La liberté d'expression et le respect des croyances ont soulevé, ces derniers temps, beaucoup de questions sur la laïcité et la place de la religion dans notre société.

Au-delà de cette question, comment se positionner lorsque l'on est athée dans un pays comme la Tunisie? Et comment vivre son athéisme? Reste-t-il une place pour la spiritualité lorsque l'on ne croit pas en Dieu?

Être athée, c'est avant tout être convaincu que Dieu n'existe pas, mais un athée a d'autres convictions que son seul athéisme.

Qu'est-ce qu'un Etat laïque?

L'athéisme n'est ni une philosophie, ni une religion. Certains athées sont humanistes. D'autres non. Certains sont de droite, d'autres de gauche... Par principe, les athées n'ont pas à être d'accord entre eux sur des convictions positives.

Alors que les chrétiens sont d'accord sur les dogmes du christianisme et les musulmans sur les grandes bases de l'islam, ce qui unit les athées, c'est uniquement cette conviction purement négative de ne croire en aucun Dieu.

L'athéisme et la laïcité sont deux attitudes totalement différentes. C'est justement parce que la république française, par exemple, est laïque qu'elle n'est pas athée. La laïcité est un type d'organisation de la cité, de la société. Elle interdit à l'Etat de prendre position en matière religieuse.
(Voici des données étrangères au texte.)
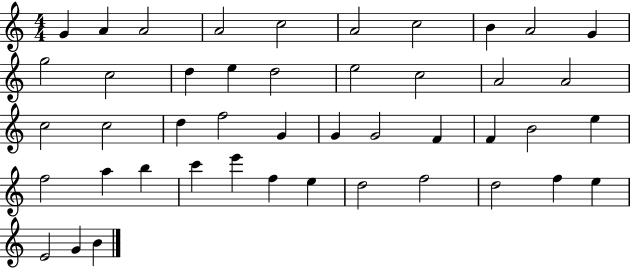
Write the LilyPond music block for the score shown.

{
  \clef treble
  \numericTimeSignature
  \time 4/4
  \key c \major
  g'4 a'4 a'2 | a'2 c''2 | a'2 c''2 | b'4 a'2 g'4 | \break g''2 c''2 | d''4 e''4 d''2 | e''2 c''2 | a'2 a'2 | \break c''2 c''2 | d''4 f''2 g'4 | g'4 g'2 f'4 | f'4 b'2 e''4 | \break f''2 a''4 b''4 | c'''4 e'''4 f''4 e''4 | d''2 f''2 | d''2 f''4 e''4 | \break e'2 g'4 b'4 | \bar "|."
}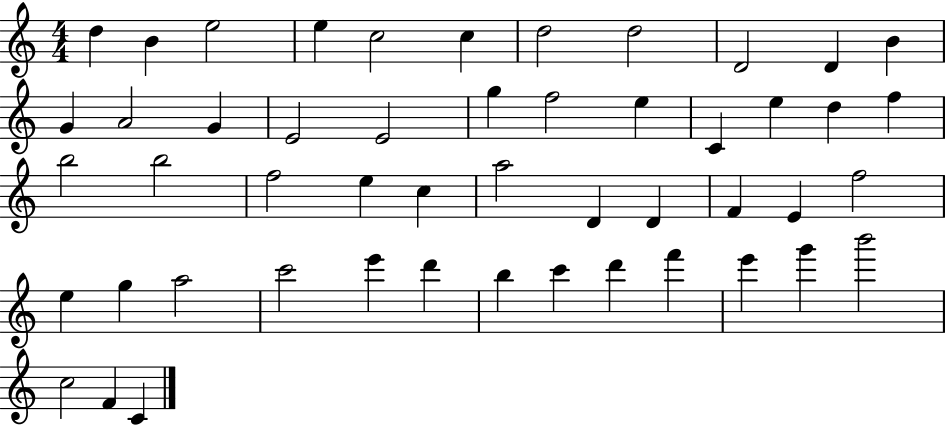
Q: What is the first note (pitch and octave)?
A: D5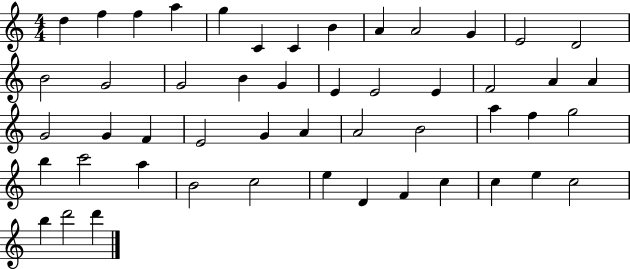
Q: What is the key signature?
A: C major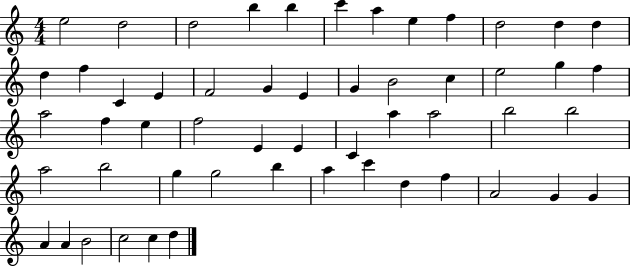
E5/h D5/h D5/h B5/q B5/q C6/q A5/q E5/q F5/q D5/h D5/q D5/q D5/q F5/q C4/q E4/q F4/h G4/q E4/q G4/q B4/h C5/q E5/h G5/q F5/q A5/h F5/q E5/q F5/h E4/q E4/q C4/q A5/q A5/h B5/h B5/h A5/h B5/h G5/q G5/h B5/q A5/q C6/q D5/q F5/q A4/h G4/q G4/q A4/q A4/q B4/h C5/h C5/q D5/q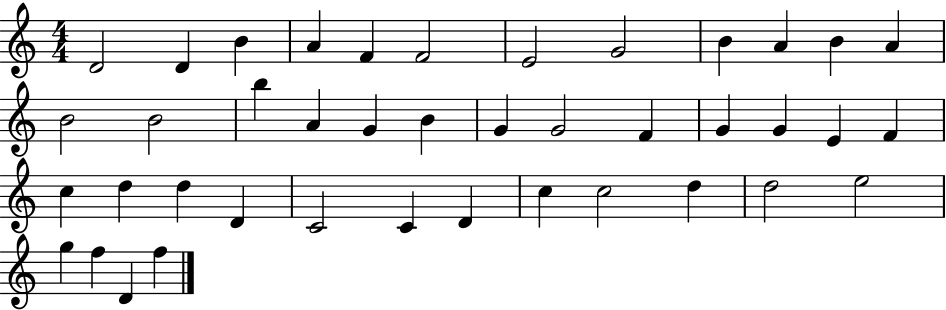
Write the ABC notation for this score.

X:1
T:Untitled
M:4/4
L:1/4
K:C
D2 D B A F F2 E2 G2 B A B A B2 B2 b A G B G G2 F G G E F c d d D C2 C D c c2 d d2 e2 g f D f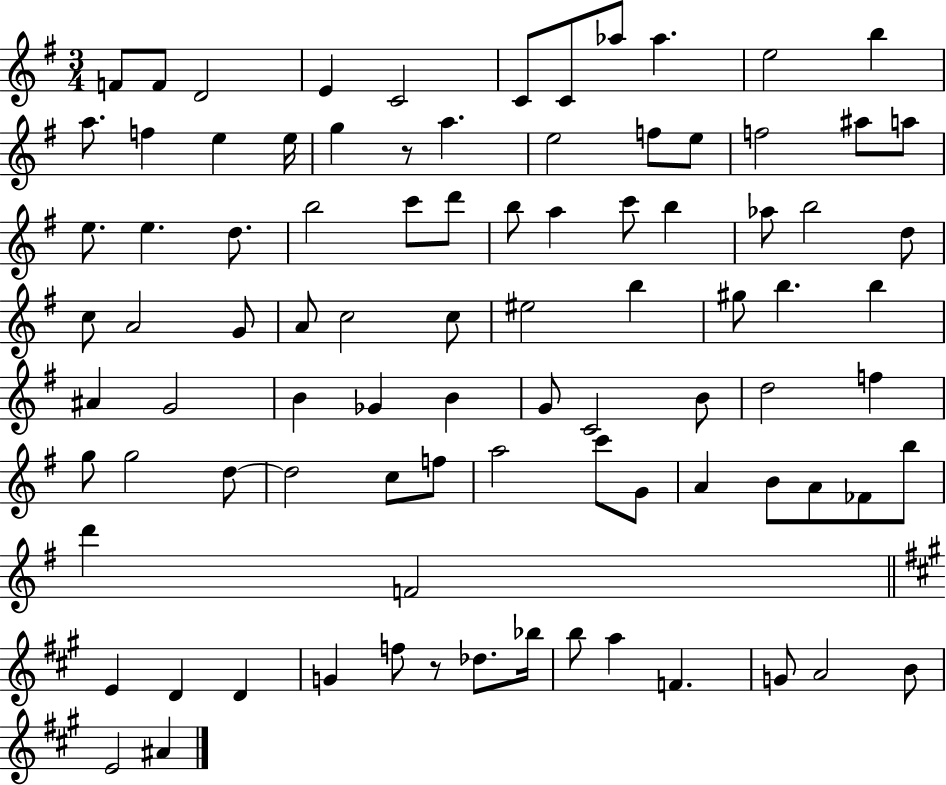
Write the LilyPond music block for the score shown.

{
  \clef treble
  \numericTimeSignature
  \time 3/4
  \key g \major
  f'8 f'8 d'2 | e'4 c'2 | c'8 c'8 aes''8 aes''4. | e''2 b''4 | \break a''8. f''4 e''4 e''16 | g''4 r8 a''4. | e''2 f''8 e''8 | f''2 ais''8 a''8 | \break e''8. e''4. d''8. | b''2 c'''8 d'''8 | b''8 a''4 c'''8 b''4 | aes''8 b''2 d''8 | \break c''8 a'2 g'8 | a'8 c''2 c''8 | eis''2 b''4 | gis''8 b''4. b''4 | \break ais'4 g'2 | b'4 ges'4 b'4 | g'8 c'2 b'8 | d''2 f''4 | \break g''8 g''2 d''8~~ | d''2 c''8 f''8 | a''2 c'''8 g'8 | a'4 b'8 a'8 fes'8 b''8 | \break d'''4 f'2 | \bar "||" \break \key a \major e'4 d'4 d'4 | g'4 f''8 r8 des''8. bes''16 | b''8 a''4 f'4. | g'8 a'2 b'8 | \break e'2 ais'4 | \bar "|."
}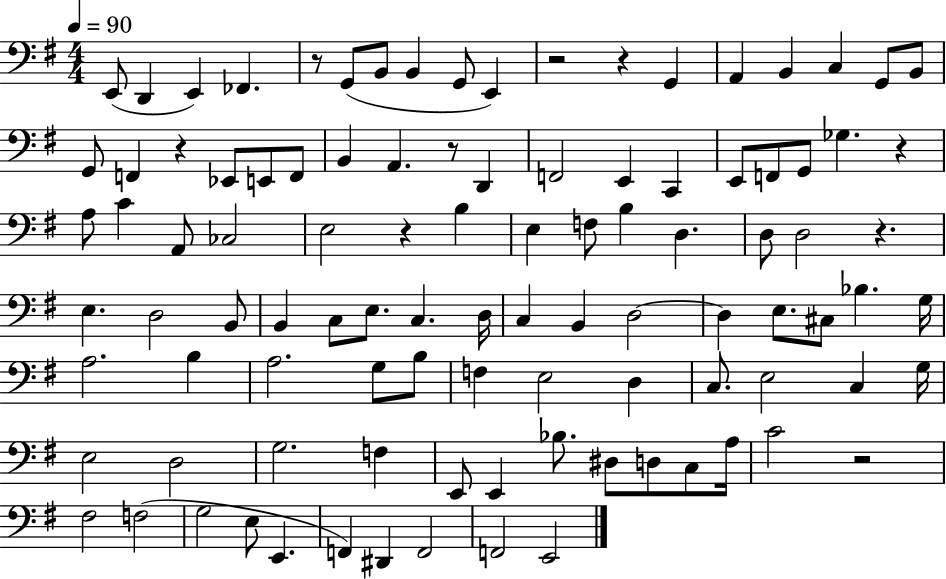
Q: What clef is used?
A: bass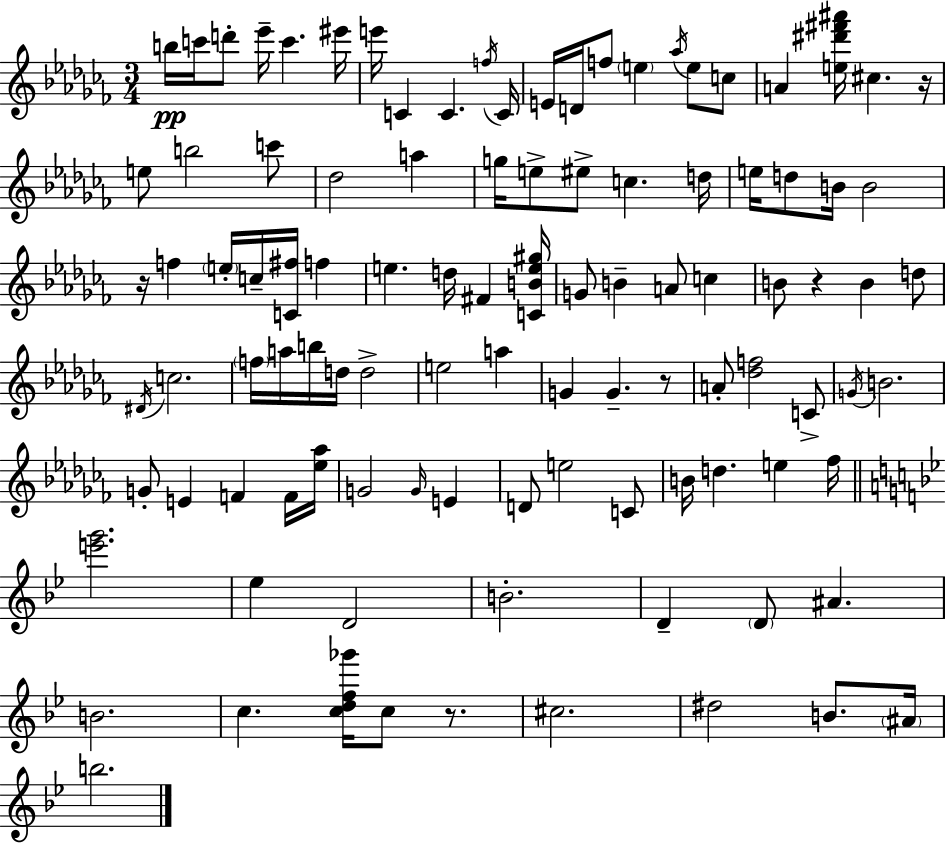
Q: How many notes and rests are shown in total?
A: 103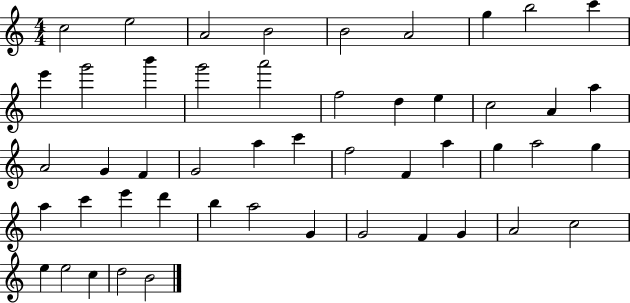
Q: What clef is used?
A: treble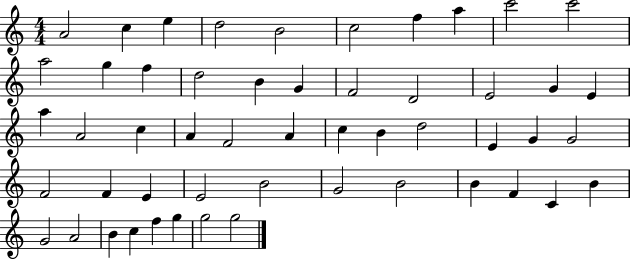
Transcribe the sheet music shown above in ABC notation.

X:1
T:Untitled
M:4/4
L:1/4
K:C
A2 c e d2 B2 c2 f a c'2 c'2 a2 g f d2 B G F2 D2 E2 G E a A2 c A F2 A c B d2 E G G2 F2 F E E2 B2 G2 B2 B F C B G2 A2 B c f g g2 g2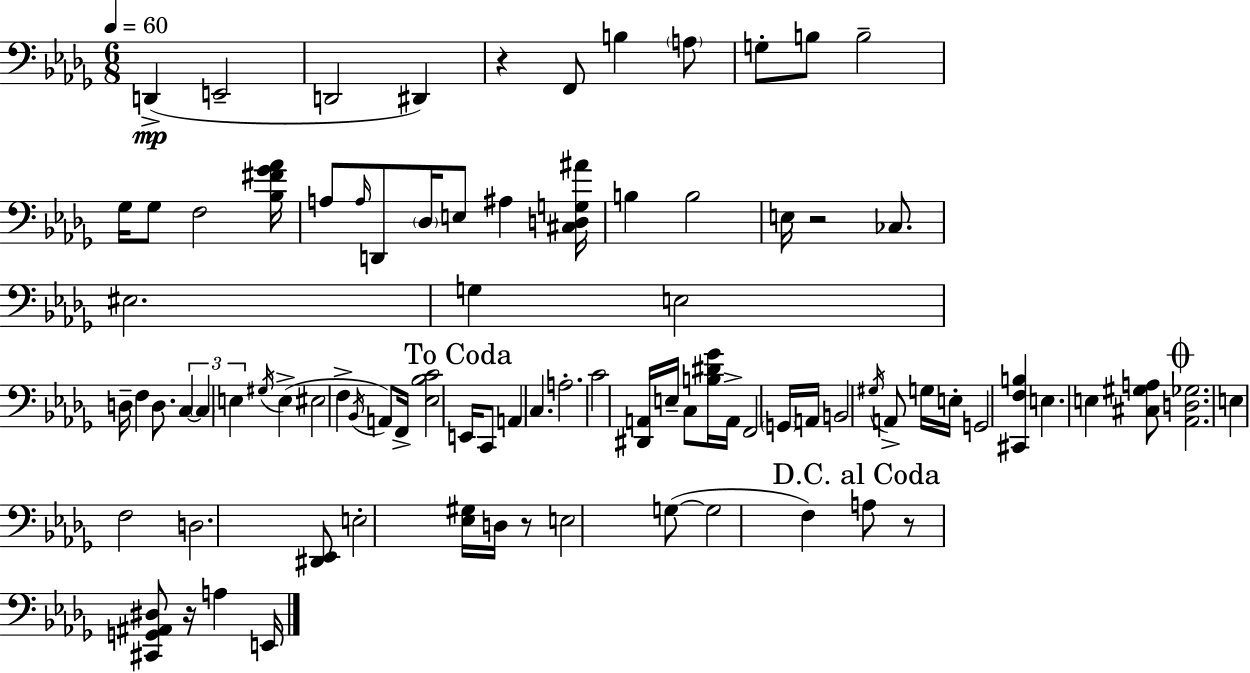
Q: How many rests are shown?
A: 5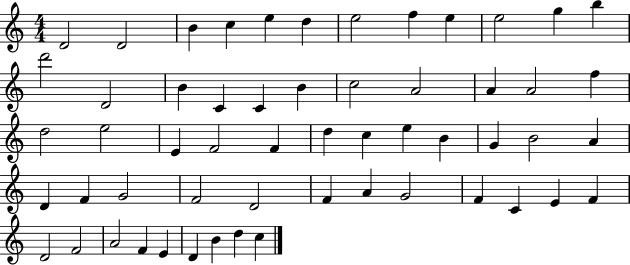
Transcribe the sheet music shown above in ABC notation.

X:1
T:Untitled
M:4/4
L:1/4
K:C
D2 D2 B c e d e2 f e e2 g b d'2 D2 B C C B c2 A2 A A2 f d2 e2 E F2 F d c e B G B2 A D F G2 F2 D2 F A G2 F C E F D2 F2 A2 F E D B d c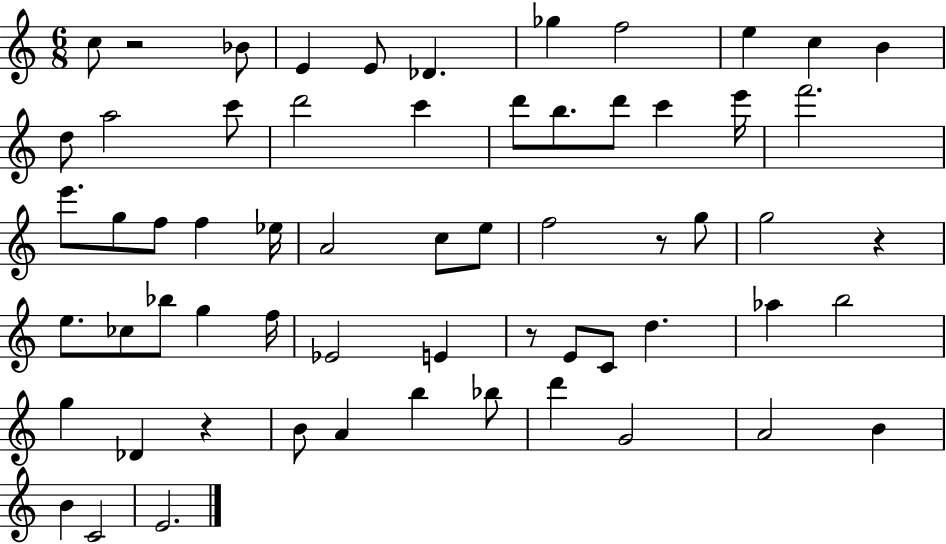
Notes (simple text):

C5/e R/h Bb4/e E4/q E4/e Db4/q. Gb5/q F5/h E5/q C5/q B4/q D5/e A5/h C6/e D6/h C6/q D6/e B5/e. D6/e C6/q E6/s F6/h. E6/e. G5/e F5/e F5/q Eb5/s A4/h C5/e E5/e F5/h R/e G5/e G5/h R/q E5/e. CES5/e Bb5/e G5/q F5/s Eb4/h E4/q R/e E4/e C4/e D5/q. Ab5/q B5/h G5/q Db4/q R/q B4/e A4/q B5/q Bb5/e D6/q G4/h A4/h B4/q B4/q C4/h E4/h.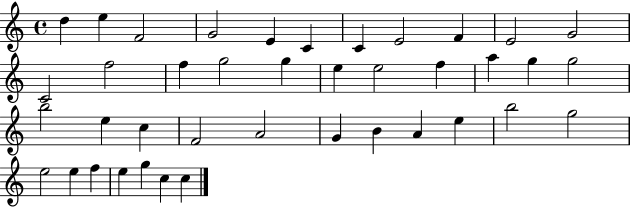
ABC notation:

X:1
T:Untitled
M:4/4
L:1/4
K:C
d e F2 G2 E C C E2 F E2 G2 C2 f2 f g2 g e e2 f a g g2 b2 e c F2 A2 G B A e b2 g2 e2 e f e g c c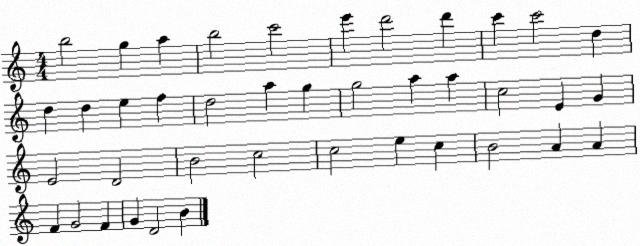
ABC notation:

X:1
T:Untitled
M:4/4
L:1/4
K:C
b2 g a b2 c'2 e' d'2 d' c' c'2 d d d e f d2 a g g2 a a c2 E G E2 D2 B2 c2 c2 e c B2 A A F G2 F G D2 B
Un Etat est laïc quand l'Etat ne prétend pas régenter les églises/mosquées/synagogues et que les églises/mosquées/synagogues ne prétendent pas gouverner l'Etat.

Un Etat laïque garantit le droit d'avoir la religion que l'on veut, le droit de n'avoir aucune religion ou de changer de religion.

Islamistes anti laicite

"Ni communiste, ni laïque. Ma consitution, c'est le Coran", dit cette banderole brandie par les jeunes du mouvement  islamiste Ennahdha à Menzel Bourguina.

Le fanatisme existe aussi bien au sein des sociétés laïques que religieuses?

On est tenté de dire qu'il suffit qu'un gouvernement annonce qu'il va instaurer des enseignements moraux laïcs et/ou religieux pour endiguer ce fléau. Ceci ne me semble pas le bon chemin.

Apprenons plutôt à nos enfants à lire et à écrire correctement au lieu de leur faire des cours de morale ou de religion. Il est plus important qu'un élève du lycée arrive à lire Pascal, Spinoza, Montaigne, Descartes, en même temps qu'Al-Jahedh, Al-Moutanebbi... sans oublier les écrits des divers rites religieux (malékite, hanafite...) plutôt que de recevoir des cours sur le fait religieux ou la morale religieuse.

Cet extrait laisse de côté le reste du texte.